Task directions:
Please copy every line with the string "Fairy" from the entries below.

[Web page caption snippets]
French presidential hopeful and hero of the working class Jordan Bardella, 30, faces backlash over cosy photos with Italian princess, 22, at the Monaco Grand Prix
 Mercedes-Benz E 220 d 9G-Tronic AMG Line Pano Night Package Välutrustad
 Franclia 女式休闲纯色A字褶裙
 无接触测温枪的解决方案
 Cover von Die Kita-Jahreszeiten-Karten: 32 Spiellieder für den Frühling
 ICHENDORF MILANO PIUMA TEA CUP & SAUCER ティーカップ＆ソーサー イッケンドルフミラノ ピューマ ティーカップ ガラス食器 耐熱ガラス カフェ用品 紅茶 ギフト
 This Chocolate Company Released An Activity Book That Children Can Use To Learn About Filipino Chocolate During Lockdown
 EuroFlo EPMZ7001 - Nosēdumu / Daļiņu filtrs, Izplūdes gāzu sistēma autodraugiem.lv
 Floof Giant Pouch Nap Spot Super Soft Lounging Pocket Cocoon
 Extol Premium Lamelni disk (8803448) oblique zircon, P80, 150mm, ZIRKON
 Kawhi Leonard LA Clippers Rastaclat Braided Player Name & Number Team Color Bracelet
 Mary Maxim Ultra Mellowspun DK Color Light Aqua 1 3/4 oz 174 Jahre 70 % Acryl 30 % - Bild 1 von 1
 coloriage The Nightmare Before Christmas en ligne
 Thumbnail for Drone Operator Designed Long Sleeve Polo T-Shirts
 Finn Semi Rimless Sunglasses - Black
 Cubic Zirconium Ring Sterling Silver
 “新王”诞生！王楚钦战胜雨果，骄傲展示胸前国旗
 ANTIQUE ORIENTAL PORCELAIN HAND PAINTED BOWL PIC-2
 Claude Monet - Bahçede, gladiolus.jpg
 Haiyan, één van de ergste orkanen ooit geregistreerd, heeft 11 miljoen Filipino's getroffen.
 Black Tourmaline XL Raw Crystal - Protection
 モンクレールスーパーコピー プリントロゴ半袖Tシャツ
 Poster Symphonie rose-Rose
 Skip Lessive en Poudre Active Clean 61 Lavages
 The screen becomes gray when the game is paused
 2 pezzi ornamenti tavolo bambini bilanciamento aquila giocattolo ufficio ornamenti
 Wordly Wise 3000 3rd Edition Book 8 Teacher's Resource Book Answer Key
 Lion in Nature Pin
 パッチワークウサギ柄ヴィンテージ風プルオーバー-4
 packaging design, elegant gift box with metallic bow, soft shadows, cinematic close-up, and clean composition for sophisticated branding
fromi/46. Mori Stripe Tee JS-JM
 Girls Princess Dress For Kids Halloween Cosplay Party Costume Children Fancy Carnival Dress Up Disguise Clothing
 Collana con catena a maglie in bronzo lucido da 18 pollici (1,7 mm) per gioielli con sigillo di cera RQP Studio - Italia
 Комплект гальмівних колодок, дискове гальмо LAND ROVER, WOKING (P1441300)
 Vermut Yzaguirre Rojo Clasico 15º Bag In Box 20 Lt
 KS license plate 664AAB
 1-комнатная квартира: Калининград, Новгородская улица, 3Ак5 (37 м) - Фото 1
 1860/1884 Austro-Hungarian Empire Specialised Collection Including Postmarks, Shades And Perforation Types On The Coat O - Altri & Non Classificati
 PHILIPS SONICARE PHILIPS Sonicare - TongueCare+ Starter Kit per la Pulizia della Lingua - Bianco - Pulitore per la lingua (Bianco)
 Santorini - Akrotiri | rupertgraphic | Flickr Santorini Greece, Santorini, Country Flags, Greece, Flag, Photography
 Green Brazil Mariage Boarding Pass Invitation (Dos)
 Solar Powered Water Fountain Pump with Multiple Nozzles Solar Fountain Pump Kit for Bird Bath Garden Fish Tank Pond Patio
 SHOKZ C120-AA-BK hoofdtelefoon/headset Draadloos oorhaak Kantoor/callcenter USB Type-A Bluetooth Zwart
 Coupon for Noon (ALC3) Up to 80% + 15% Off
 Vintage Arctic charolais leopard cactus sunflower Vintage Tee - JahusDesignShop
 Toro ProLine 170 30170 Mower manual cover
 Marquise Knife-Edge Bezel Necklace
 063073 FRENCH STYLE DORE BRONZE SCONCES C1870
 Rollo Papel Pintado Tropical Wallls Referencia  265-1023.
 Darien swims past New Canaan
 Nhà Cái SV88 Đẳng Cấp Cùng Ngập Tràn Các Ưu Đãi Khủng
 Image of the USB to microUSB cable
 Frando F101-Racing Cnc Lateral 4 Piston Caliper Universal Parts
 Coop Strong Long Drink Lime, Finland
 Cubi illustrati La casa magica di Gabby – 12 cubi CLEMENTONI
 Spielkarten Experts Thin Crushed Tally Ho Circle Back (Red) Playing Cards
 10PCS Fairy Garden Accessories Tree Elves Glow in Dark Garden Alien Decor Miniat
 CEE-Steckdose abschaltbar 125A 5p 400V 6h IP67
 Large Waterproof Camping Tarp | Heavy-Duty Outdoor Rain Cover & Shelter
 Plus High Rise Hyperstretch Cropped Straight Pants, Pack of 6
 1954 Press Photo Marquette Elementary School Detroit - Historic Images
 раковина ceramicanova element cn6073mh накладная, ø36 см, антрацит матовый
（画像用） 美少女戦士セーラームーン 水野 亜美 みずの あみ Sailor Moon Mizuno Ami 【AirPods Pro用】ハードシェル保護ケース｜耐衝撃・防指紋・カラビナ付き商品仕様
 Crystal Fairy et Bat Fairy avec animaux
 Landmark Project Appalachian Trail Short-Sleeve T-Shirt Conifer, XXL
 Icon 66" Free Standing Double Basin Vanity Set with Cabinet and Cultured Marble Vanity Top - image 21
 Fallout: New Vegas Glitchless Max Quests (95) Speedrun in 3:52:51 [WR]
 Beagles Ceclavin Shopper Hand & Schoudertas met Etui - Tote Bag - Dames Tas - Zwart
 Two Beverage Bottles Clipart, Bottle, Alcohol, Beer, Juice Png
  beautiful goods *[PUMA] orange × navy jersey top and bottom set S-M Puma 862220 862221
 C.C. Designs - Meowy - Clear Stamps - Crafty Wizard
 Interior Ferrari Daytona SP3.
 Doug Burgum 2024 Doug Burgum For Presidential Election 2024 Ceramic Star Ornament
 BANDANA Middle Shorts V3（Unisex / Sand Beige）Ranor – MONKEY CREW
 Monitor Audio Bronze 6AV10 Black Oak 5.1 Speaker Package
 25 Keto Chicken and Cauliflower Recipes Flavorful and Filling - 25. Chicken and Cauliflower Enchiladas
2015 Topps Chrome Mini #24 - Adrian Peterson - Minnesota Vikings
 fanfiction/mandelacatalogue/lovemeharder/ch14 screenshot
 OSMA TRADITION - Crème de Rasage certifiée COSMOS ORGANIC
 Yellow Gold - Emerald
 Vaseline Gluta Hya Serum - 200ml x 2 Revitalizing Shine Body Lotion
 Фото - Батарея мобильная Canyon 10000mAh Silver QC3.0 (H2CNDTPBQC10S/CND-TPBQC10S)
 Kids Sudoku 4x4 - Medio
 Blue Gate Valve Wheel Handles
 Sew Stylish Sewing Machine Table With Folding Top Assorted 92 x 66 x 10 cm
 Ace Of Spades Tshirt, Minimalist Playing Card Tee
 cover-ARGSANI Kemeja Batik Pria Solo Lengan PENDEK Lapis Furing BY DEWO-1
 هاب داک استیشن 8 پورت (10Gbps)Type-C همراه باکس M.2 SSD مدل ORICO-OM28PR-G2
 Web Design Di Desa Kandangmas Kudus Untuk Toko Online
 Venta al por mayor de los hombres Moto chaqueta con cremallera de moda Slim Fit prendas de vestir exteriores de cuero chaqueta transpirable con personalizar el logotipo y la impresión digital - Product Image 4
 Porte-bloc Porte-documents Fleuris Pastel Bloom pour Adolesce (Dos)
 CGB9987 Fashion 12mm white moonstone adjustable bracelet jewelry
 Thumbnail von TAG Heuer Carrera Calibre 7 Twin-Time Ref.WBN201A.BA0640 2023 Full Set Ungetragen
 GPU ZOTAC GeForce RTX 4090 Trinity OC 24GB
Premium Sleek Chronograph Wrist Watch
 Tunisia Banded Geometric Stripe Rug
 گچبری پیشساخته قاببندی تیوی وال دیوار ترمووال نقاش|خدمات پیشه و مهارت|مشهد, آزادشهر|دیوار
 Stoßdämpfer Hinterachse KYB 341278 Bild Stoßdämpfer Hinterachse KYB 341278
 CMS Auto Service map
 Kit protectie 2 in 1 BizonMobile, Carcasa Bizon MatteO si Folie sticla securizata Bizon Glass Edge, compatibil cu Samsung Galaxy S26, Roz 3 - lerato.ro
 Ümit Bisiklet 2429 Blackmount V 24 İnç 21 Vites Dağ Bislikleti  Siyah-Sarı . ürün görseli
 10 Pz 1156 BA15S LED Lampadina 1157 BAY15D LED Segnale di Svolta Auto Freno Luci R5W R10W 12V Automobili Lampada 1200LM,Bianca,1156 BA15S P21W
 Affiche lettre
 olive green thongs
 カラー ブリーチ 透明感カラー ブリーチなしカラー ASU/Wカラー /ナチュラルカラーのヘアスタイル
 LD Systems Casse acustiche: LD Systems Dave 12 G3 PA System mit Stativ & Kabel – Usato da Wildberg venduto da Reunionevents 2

Exercise answer:
 10PCS Fairy Garden Accessories Tree Elves Glow in Dark Garden Alien Decor Miniat
 Crystal Fairy et Bat Fairy avec animaux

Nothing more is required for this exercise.